If that dynamic weren’t daunting enough, every affordable housing developer can appreciate the competitive and predevelopment risks in seeking LIHTCs and the financial market risks associated about the potential for changing tides in equity demand and interest rates.
Lastly, with the pace of growth in the multifamily subsector, construction costs have been very volatile as of late particularly as to labor and show no signs of cooling off. A host of these factors and other challenges keep our development shop on our collective toes and force us to think creatively every day about how we create an advantage.
When you visit a property, what do you look for?
Kind of simple, but probably the most telling statement is whether there’s a noticeable amount of trash on the site. It’s bad enough if you see litter on the grounds of an affordable multifamily community on an unannounced visit- but if a site – either in our portfolio or a potential acquisition- has not gone to the trouble to pick up the grounds and parking areas of trash prior to an announced site visit- it’s a pretty good barometer that there are issues deeper than that worth exploring.
If you could add any amenity or feature to a development, what would it be?
There is no one-size-fits-all needed amenity that suits all properties. We have several instances of very fancy pot and pan storage cabinets sometimes known as “dishwashers” that prove this point.

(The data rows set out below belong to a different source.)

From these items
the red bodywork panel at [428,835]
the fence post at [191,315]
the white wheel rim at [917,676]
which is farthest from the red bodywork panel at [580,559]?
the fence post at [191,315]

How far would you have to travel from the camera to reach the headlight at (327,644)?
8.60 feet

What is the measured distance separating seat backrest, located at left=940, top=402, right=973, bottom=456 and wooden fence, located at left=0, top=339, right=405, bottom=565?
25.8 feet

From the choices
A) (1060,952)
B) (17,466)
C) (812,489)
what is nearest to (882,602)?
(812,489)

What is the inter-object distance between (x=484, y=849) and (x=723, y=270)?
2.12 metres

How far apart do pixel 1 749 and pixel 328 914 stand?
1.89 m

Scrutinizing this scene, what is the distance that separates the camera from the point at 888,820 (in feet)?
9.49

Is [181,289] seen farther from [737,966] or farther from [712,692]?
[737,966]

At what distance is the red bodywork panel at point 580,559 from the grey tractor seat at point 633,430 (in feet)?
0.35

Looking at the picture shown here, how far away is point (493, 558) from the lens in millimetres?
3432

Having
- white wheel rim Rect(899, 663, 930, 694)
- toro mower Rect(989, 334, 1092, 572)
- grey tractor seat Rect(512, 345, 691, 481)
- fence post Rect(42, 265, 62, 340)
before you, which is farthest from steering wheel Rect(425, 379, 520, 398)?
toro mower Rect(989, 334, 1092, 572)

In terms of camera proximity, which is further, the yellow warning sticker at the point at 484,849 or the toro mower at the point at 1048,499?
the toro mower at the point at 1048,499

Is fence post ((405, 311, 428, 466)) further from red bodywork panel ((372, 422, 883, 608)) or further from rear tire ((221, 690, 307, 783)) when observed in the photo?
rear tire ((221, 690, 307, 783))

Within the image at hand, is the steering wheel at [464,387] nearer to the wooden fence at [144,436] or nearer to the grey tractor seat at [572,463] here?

In all seriousness, we really strive to focus attention on updates and amenity additions that suit the particular needs of that specific property.
We want the residents to see, use and benefit from the capital investment we are making in these existing properties. There are obviously varying degrees to which we have success in seeing that goal met, but the bottom line is that we try not to ever lose focus that we are in the business of updating and extending the life of people’s homes in what we do. Often what makes sense for a particular property may not be 100% aligned with the amenity requirements and preferences put forth by an allocating agency- not much we can really do about that but it’s a balance with which we remain mindful.
Favorite part of your job:
It sounds like a cliché, but the favorite part of my job is that I truly feel like I learn something nearly every day. Our team reverse-engineers a lot of solutions from a set of variables over which we often have little or no control, and it’s fun when a puzzle like this comes together to help make a deal work, and it’s particularly rewarding that this is helping make better housing for folks who face few other options. Having said that, I wouldn’t recommend this field for anyone who doesn’t have a great degree of patience because the ground game is won over a period measured under best circumstances in months- sometimes years!
Describe the town you grew up in:
I grew up in Kingsport, Tenn., a small city of about 40,000 on the Tennessee/Virginia border. Despite its relatively small size, the presence of a major chemical manufacturer’s headquarters (Eastman Chemical Co.) sort of translated into bit different (better) socio-economic environment than what one might traditionally ascribe to Appalachia. I feel truly fortunate to have spent my formative years in a town where you might literally know every person on not just your street, but your whole neighborhood- that’s a reality that I know my kids don’t have today. It’s actually a little bit sad for me to think that even Kingsport isn’t like this anymore- but that’s just the victim of 30-plus years of technology and unfortunately, a more insular society.